Il problema è che le contraddizioni hanno sempre accompagnato i racconti di Brusca. Interessante leggere le motivazioni del giudice Mario Fontana che assolse gli ex Ros Mario Mori e Mauro Obinu per il cosiddetto mancato arresto di Bernardo Provenzano. Fa confusione: colloca la trattativa dopo la strage di via D’Amelio, poi si ricorda di essersi confuso e dichiara che, no, era prima. «È perfino superfluo osservare che, nella ricostruzione di Brusca, emergono molte oscillazioni – scrisse il giudice Fontana – che suggeriscono una certa improvvisazione e mettono in seria crisi la possibilità di fare pieno affidamento sulle indicazioni di dettaglio (soprattutto temporali) da lui fornite».

Non lo aveva convinto affatto la giustificazione di Brusca sul tanto tempo trascorso, che metteva a dura prova la sua memoria e richiedeva una faticosa «rimeditazione della sequenza dei fatti». Anzi, non si poteva escludere una «possibile sopravvenuta esigenza di assecondare alcune ipotesi accusatorie, determinata dalla volontà di acquisire qualche benemerenza». Insomma, il giudice disse chiaramente che Brusca poteva avere voluto compiacere chi lo interrogava. Non solo Fontana, ma anche la Gip Marina Petruzzella, che nelle motivazioni dell’assoluzione di primo grado dell’ex ministro Calogero Mannino (assoluzione nella quale venne smontato il teorema Trattativa Stato-mafia, confermata in Cassazione), scrisse che le interpretazioni del collaboratore di giustizia erano state «suggerite dalle molteplici sollecitazioni ricevute nel corso di interrogatori, a volte anche molto sofisticati, degli inquirenti e dalle contestazioni mossegli durante i suoi esami».

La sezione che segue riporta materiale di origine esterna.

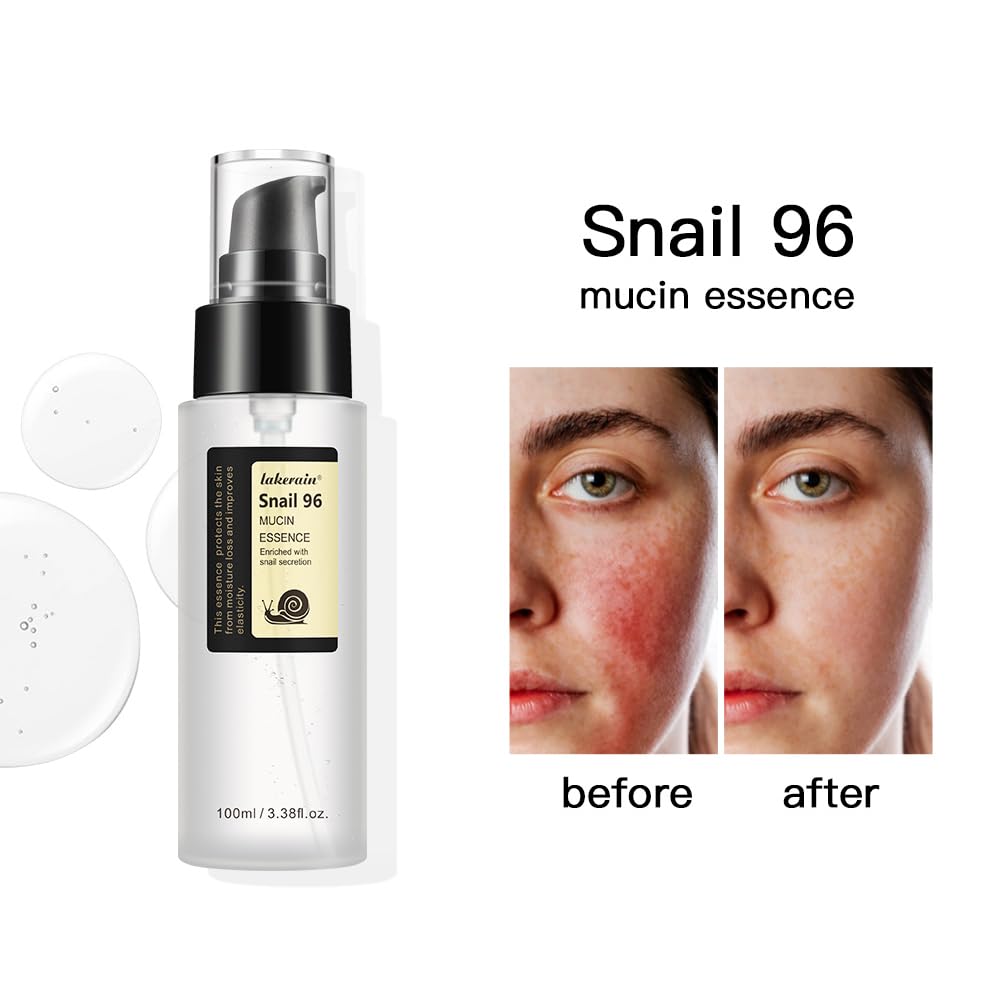 100ML Snail Mucin Serum for Face - Advanced Snail 96 Mucin Power Essence with Hyaluronic Acid | Dark Spot Repair, Hydration & Moisture Boost | Improve Skin Vitality & Elasticity | Perfect for Dry, Sensitive & Aging Skin Care Routine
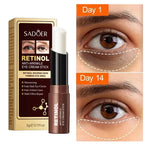 Retinol Anti-Wrinkle Eye Cream Stick for Dark Circles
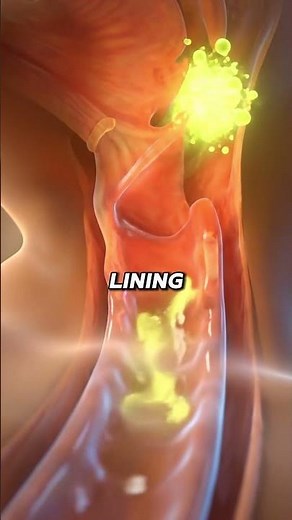 Wedge Pillow Ends Acid Reflux Overnight! 🔥 Inside Your Chest & Throat Changes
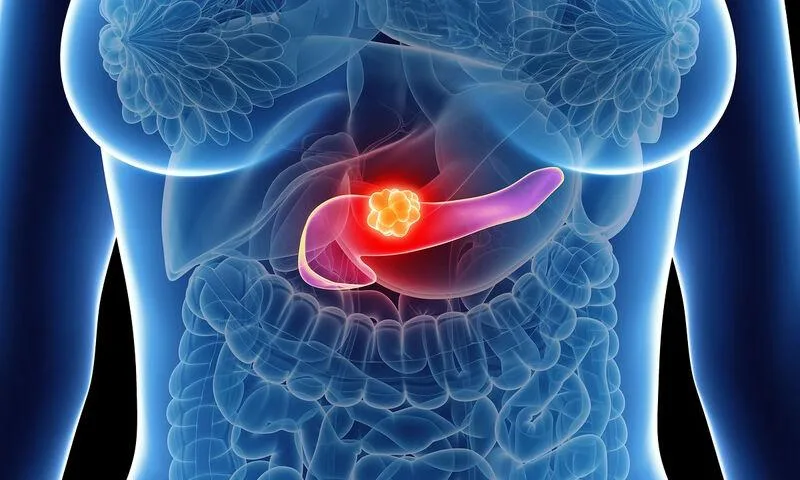 pancreatic cancer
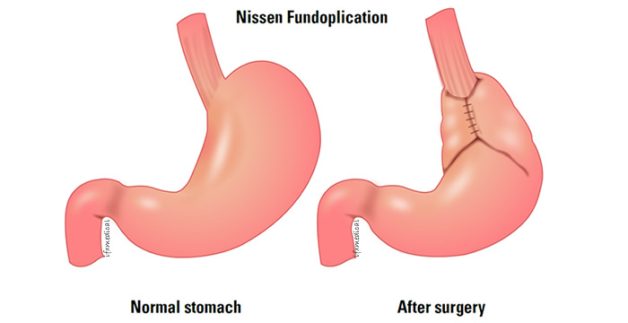 Cảnh giác trước biến chứng trào ngược dạ dày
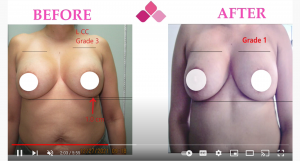 Breast reconstruction capsular contracture
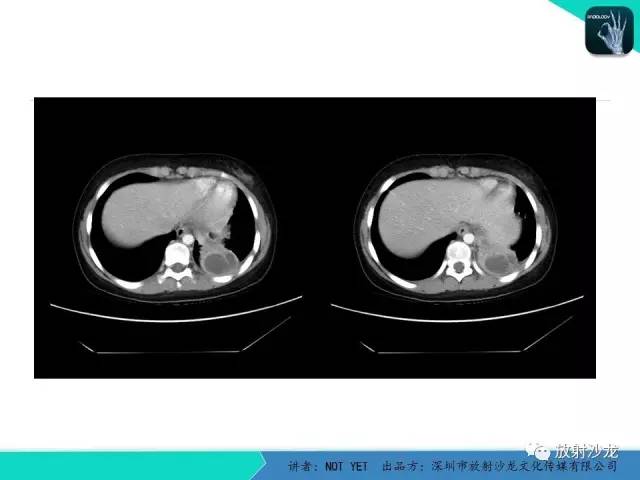 【病例】肺脓肿1例CT影像诊断与鉴别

Il problema non è Brusca, il quale non rappresenta un’eccezione, né tantomeno il pentitismo, strumento fondamentale per la lotta alla mafia. Ancora una volta bisogna ricorrere al pensiero di Falcone. Fu proprio lui, durante un convegno nazionale di diritto e procedura penale nel ’91, a parlare della necessità dei pentiti come importante strumento per la lotta alla mafia, specificando però che «ovviamente non costituiscono mezzo di prova unico e indispensabile». Sappiamo che Falcone temeva i falsi pentiti, che spacciano fandonie e notizie artefatte per ragioni personali o per depistare le indagini.

Un caso eclatante fu quello del pentito Giuseppe Pellegriti, che accusò indirettamente Giulio Andreotti come mandante dell’omicidio di Piersanti Mattarella. Subito Falcone capì che aveva mentito e lo mise sotto inchiesta per calunnia. Basterebbe leggere alcuni passaggi del libro “Cose di Cosa Nostra”. «A proposito di pentiti – scrive Giovanni Falcone –, sono convinto che il solo comportamento efficace ed equo nei loro confronti sia anzitutto di verificare con estrema cura l’esattezza delle loro rivelazioni, senza tuttavia sminuire sistematicamente quanto affermano. Conoscendo il modo di rapportarsi dell’uomo d’onore con i fatti, che si può riassumere in questa formula: “obbligo assoluto di dire la verità”, mi sono sempre espresso con i mafiosi che interrogavo e che affermavano di voler collaborare in modo crudo, distaccato, scettico e quindi sincero». E ancora: «Ho sempre tenuto a precisare all’inizio degli interrogatori: “Dica pure quello che le pare, ma si ricordi che questo interrogatorio sarà il suo calvario, perché cercherò in ogni modo di farla cadere in contraddizione”». Il problema reale è il mancato apprendimento della lezione di Falcone.